Wednesday, February 13, 2008

Leave us play "What If?"



I'm nearly done reading Simon Callow's second volume of Orson Welles bio: "Hello Americans."

It's raining out, all day.

I can't get motivated to edit my own film-in-progress.

A friend of mine is off the wagon again...and it all conspires to fill me with woe. While pilfering google for the above shot, I read Atlantic Monthly's review of "Hello Americans." In it, Benjamin Schwartz says this:

"This volume, in fact, attempts to answer “the most persistent question asked about Orson Welles: what went wrong after Citizen Kane?” In so doing, it chronicles the years in which one of the most extraordinary American lives utterly and permanently changed direction. And, concomitantly, it traces what David Thomson, the great film critic and historian, calls “one of the small tragedies of the 20th century”: the terrible fate of Ambersons."


Ah, one of the century's small tragedies indeed.
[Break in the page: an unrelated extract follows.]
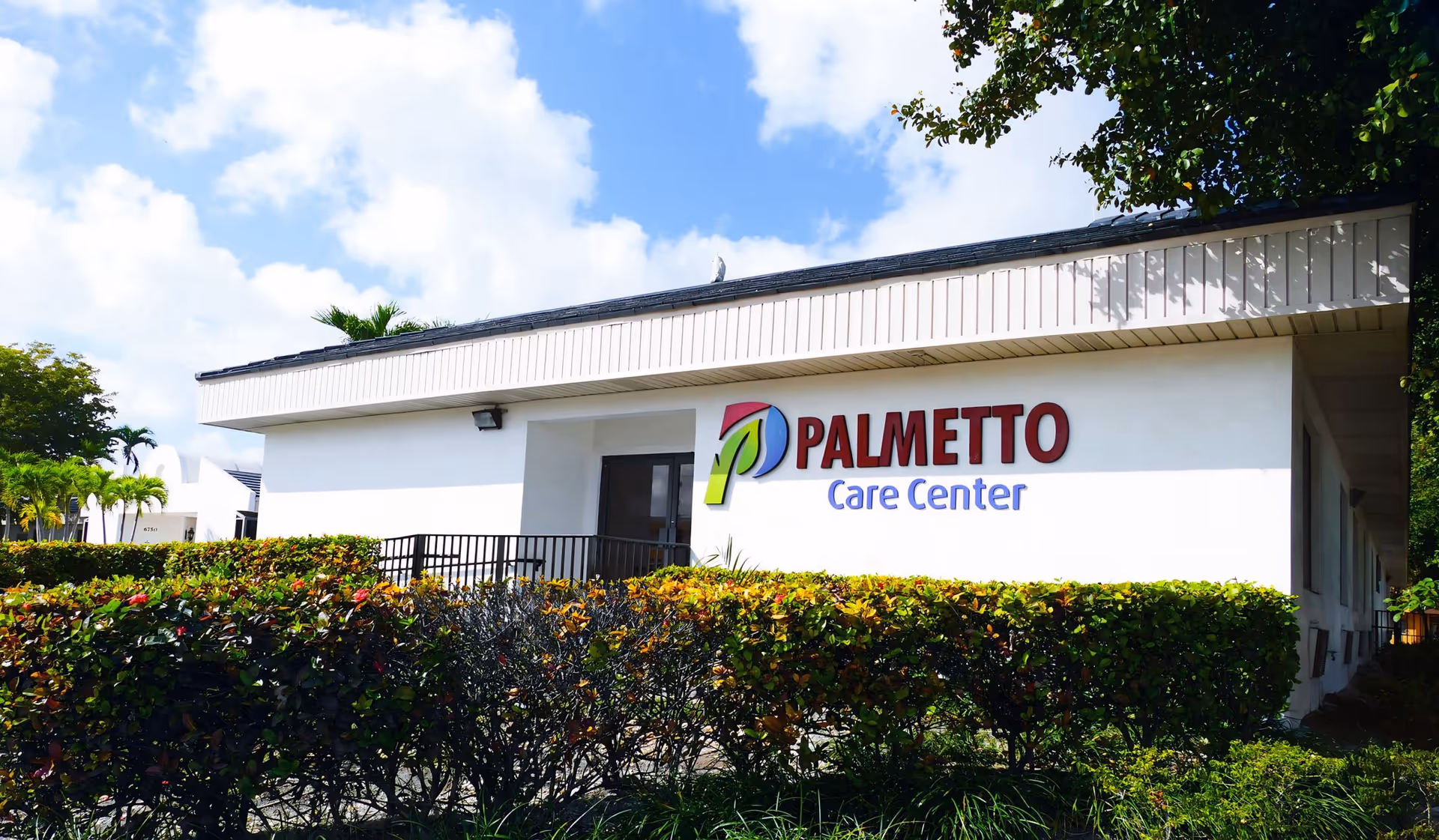 Exterior view of Palmetto Care Center building with hedge and signage.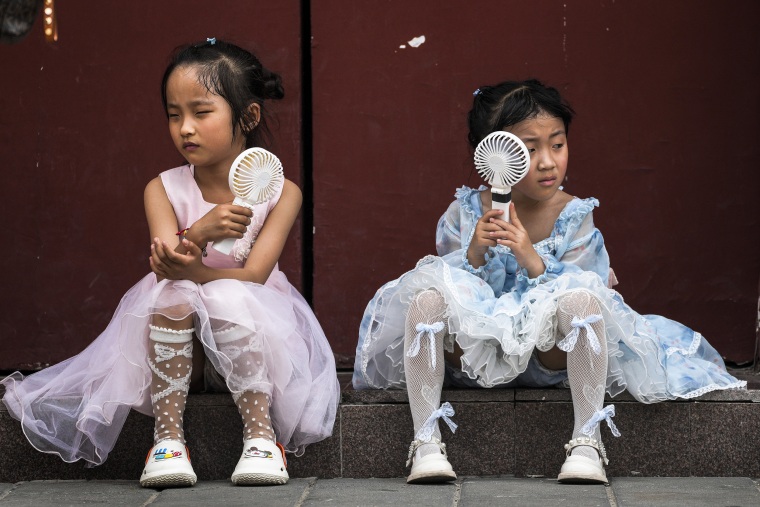 Image: Children cool themselves with electric fans as they take a rest near the Forbidden City on a hot day in Beijing, June 25, 2023.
Of course the guilt on Welles for crumbling in the final stretch time after time must have been tremendous. Now all of us cineastes look back on the shambles that is Welles' post-Kane output and wonder, of course, when Criterion is going to grace us with definitive attempts at DVDs of THE MAGNIFICENT AMBERSONS and MACBETH.

Alas, Banquo, it's all too much for me. First, Orson looks just like my dad (especially old Orson). Second, I'm a lot like Orson myself, in ego if not talent. Third, why are we always looking back at what could have been? Will I as Erich of the future regret not doing more to pull my off the wagon friend back from her abyss of choice? Her talent is, perhaps, even closer to Welles's then my own! She could be "the one"!

Creative genius comes with thorny, poisoned tentacles attached. Cut the thorns off and the rose grows listless. Welles, I wish I could roar back in time and awake you to the task at hand - to cut your Brazil trip short and race home to save AMBERSONS, to stay in Hollywood long enough to finish editing MACBETH! Woe to us mortals still thumb-tacked to the corkboard of existence! All that juicy footage is forever lost; the entirety of the famous ballroom tracking shot exists now only in the manufactured memories of replicants.

Four, when I last fell off the wagon, some 9 long years ago, dear listener - I watched Welles's MACBETH over and over for three or four straight days--nights--bleeding into one another, the gray light of six o clock, was it AM or PM? You get the picture--and my half-murdered by its own hand soul was bonded to that movie, bled into it. The title that cannot be named! MACBETH! There, I said it! Why run? MACBETH, Thane of Cawdor!

The magnetism of Welles is strong to this day. I'm sure I'm far from the only one with an Orsonesque dad or ego; we're all drawn to him as a larger than life signifier of our own unfulfillable aspirations. Unfulfillable or just too hard? Battles are not made to be won any more than a treadmill is meant to be a marathon. Artistic endeavors have a habit of dissolving into meaninglessness when the big void looms. It's almost like the hand of fate gives you a bitch slap warning to settle down and dim your wattage. Drift into obscurity and live forever or else get mowed down by the angry scythe that's kept American artistic evolution stunted for so long now, cutting down the high-rising blooms like James Dean, Monty Clift, Marilyn, and now Heath Ledger, and sending others, like Welles and Nina Simone, into the gardens of Europe to hide.

Did I mention I vant to move to Berlin?